A Movement Takes a Hit

The arrest of Elvira Arellano put the small but determined sanctuary movement back in the headlines. The fallout—and how its members hope to capitalize on the attention to put immigration reform back in play.

By Jennifer Ordoñez
Newsweek

It has been three and a half months since Juan “Santuario” stopped using his real last name and moved from the home he owns, the young daughters he loves and the business he runs to live in a cramped room on the second floor of a Lutheran church in North Hollywood, a suburban neighborhood in Los Angeles. Some weeks pass slowly—the 38-year-old illegal immigrant from Guatemala tries to keep busy reading the Bible, cleaning and doing odd jobs within the church’s gates. Other weeks, a steady stream of camera crews and reporters show up, eager to find out how he’s holding up in his self-imposed exile.

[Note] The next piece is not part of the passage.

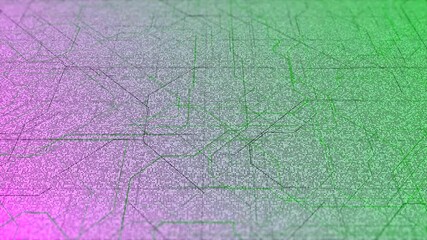 Poster - Diagram with moving lines of computer chip. Animation. Multi-colored technological background with moving lines forming diagram. Lines moving in schematic pattern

This has been one of the busy weeks. On Sunday, Elvira Arellano, an illegal immigrant who for the last year has been holed up in a Chicago church, was arrested and subsequently deported to her native Mexico after she traveled to Los Angeles to attend several speaking engagements. Like Arellano, Juan is one of 22 carefully chosen illegal immigrants living on the grounds of various churches as part of what’s being called the New Sanctuary Movement. It’s a group vetted by a team of lawyers working with the religious congregations involved in the movement, which range from Roman Catholic to Jewish to Mennonite.To be the face of the estimated 12 million illegal aliens now living in the United States, as organizers call them, the small crew now in sanctuary have either overstayed their visas or never had one in the first place.